The usual view of the Freud family’s Jewishness is that by the time Jakob Freud married Freud’s mother in 1855 he had broken with Orthodox Judaism and was drawn to Reform Judaism if not to a passive sort of assimilation. Peter Gay’s formulation is typical: “Jacob Freud had emancipated himself from the Hasidic practices of his ancestors; his marriage to Amalia Nathansohn was consecrated in a Reform ceremony. In time, he discarded virtually all religious observances….” The belief that Freud’s parents were married in a Reform ceremony is essential to the argument that they were favorable to Reform Jewish beliefs, but as both Rice and Yerushalmi show, the rabbi who performed the ceremony, Isaac Noah Mannheimer, was neither Orthodox nor Reform. Yerushalmi describes him as “a religious conservative” who saw no conflict between Jewish tradition and the acceptance of universal humane values. Rice, moreover, shows that since Mannheimer was

the only person empowered by the government to perform Jewish marriages, it would appear that the marriage of the Freuds by Mannheimer may have had nothing to do with their religious beliefs but solely with their desire to have their marriage made legitimate.

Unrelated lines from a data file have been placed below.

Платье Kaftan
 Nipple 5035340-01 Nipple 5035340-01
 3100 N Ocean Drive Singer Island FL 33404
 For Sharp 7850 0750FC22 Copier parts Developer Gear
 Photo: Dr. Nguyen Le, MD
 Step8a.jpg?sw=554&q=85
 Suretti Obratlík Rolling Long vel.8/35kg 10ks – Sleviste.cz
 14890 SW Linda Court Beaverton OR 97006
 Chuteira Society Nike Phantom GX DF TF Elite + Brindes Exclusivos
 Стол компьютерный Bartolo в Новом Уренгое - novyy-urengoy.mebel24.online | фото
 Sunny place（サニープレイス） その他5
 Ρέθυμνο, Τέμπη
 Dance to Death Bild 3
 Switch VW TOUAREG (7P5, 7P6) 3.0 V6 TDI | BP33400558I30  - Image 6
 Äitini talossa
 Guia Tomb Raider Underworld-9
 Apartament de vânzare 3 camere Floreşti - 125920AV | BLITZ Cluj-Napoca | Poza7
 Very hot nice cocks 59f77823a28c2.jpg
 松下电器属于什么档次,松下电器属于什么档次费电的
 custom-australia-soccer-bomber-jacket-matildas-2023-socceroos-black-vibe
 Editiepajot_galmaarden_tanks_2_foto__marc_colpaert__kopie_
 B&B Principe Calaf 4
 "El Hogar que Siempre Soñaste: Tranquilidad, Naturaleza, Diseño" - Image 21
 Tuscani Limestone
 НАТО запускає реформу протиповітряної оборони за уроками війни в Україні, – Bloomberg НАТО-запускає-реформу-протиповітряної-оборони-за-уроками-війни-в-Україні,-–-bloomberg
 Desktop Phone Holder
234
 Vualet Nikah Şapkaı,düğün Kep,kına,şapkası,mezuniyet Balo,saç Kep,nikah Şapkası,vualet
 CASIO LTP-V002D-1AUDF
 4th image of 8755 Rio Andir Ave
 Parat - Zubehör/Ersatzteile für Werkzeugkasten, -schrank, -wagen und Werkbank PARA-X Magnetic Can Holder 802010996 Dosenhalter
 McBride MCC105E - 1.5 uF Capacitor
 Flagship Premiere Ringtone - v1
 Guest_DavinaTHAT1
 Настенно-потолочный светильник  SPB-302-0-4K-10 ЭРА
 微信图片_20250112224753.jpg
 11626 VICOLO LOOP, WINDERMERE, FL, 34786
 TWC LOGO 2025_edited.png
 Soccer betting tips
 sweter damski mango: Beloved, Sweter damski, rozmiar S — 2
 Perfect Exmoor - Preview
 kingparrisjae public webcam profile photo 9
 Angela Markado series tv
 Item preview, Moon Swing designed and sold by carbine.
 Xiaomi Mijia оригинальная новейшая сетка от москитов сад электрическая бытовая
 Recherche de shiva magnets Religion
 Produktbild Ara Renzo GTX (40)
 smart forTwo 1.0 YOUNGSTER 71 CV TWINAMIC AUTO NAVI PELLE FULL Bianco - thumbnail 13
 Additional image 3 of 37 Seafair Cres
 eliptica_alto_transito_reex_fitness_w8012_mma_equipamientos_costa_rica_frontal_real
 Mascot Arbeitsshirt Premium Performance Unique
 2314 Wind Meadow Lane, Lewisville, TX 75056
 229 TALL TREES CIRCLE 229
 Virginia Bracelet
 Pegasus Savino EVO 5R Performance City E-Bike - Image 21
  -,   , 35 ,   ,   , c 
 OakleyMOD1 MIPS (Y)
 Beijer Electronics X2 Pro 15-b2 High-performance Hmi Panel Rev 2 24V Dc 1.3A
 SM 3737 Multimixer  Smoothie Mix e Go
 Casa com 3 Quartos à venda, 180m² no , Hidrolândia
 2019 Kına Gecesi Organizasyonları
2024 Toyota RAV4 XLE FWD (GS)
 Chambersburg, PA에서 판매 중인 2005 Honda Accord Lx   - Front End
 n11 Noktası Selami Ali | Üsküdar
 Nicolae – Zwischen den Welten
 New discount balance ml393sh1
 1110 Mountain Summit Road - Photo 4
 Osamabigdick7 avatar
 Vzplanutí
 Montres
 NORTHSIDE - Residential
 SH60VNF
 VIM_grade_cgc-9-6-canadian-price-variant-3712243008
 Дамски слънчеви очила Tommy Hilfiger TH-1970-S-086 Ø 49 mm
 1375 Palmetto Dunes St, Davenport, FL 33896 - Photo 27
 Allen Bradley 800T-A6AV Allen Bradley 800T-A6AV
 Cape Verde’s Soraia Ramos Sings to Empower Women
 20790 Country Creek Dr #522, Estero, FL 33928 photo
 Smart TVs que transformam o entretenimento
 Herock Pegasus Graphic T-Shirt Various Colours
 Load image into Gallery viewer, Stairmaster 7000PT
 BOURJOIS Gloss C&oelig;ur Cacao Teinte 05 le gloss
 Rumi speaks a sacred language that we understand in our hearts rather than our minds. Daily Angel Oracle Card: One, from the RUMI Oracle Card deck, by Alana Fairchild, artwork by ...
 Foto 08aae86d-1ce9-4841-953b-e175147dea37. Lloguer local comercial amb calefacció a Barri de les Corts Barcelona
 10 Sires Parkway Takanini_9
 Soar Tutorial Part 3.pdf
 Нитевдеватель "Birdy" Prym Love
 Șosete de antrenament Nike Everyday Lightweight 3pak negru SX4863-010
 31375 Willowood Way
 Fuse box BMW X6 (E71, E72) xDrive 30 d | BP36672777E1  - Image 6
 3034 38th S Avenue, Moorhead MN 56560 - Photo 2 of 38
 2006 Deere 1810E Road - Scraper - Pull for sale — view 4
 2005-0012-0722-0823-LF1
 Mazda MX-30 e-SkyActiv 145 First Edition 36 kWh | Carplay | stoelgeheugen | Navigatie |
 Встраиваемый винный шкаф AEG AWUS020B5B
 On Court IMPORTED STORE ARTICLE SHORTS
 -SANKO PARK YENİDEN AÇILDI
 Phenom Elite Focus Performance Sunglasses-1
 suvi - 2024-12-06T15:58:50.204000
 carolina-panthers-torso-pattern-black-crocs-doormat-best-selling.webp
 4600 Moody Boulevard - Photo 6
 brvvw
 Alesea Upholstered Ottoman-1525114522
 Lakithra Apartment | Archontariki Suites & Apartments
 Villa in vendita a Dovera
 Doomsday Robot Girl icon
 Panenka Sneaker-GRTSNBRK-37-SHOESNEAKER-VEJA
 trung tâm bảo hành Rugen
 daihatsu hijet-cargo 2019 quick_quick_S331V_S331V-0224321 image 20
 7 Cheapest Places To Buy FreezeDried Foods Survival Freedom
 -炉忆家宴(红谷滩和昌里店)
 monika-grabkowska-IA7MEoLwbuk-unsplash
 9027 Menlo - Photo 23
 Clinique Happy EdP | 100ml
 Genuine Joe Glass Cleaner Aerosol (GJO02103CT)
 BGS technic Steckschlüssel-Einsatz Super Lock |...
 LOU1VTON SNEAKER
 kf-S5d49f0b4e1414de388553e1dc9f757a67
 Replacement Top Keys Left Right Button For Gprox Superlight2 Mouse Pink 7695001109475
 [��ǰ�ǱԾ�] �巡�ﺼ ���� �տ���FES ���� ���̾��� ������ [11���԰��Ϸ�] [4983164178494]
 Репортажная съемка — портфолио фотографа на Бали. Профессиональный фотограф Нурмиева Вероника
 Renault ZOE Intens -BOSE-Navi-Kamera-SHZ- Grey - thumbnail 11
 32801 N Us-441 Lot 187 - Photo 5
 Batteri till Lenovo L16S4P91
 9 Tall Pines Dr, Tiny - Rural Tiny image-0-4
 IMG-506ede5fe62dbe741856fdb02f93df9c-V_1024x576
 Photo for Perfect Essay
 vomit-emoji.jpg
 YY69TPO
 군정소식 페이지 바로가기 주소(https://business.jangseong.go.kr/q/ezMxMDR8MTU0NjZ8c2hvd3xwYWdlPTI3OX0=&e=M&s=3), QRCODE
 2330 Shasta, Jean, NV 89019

Without the evidence of the marriage ceremony, the idea that Freud grew up in a Reform Jewish household loses its strongest support. Rice argues that, in fact, “Freud’s childhood and adolescent home was typical of the East European Orthodox Jew in its transplanted character.” Rice produces new evidence that Freud’s mother remained strongly religious throughout her life, citing the testimony of Walter Freud, Freud’s grandson, that “Amalia came from a strictly Orthodox household and stayed fromm (Orthodox and ritually observant) until her death in 1930.” This is consistent with the report that Freud went to great lengths to assure that his mother “had a strictly Orthodox funeral and burial,” a funeral which he then chose not to attend. There is also evidence to suggest that Amalia and Jakob may have maintained a kosher household.

With regard to the more general issue of assimilation, Freud’s son Martin, who usually stressed his family’s assimilated character, described Amalia as “a typical Polish Jewess.” Moreover, both Yerushalmi and Rice question her mastery of the German language, citing evidence that she always spoke Galician Yiddish. If so, then Yiddish must have been at least one of the languages spoken in the home of Freud’s youth.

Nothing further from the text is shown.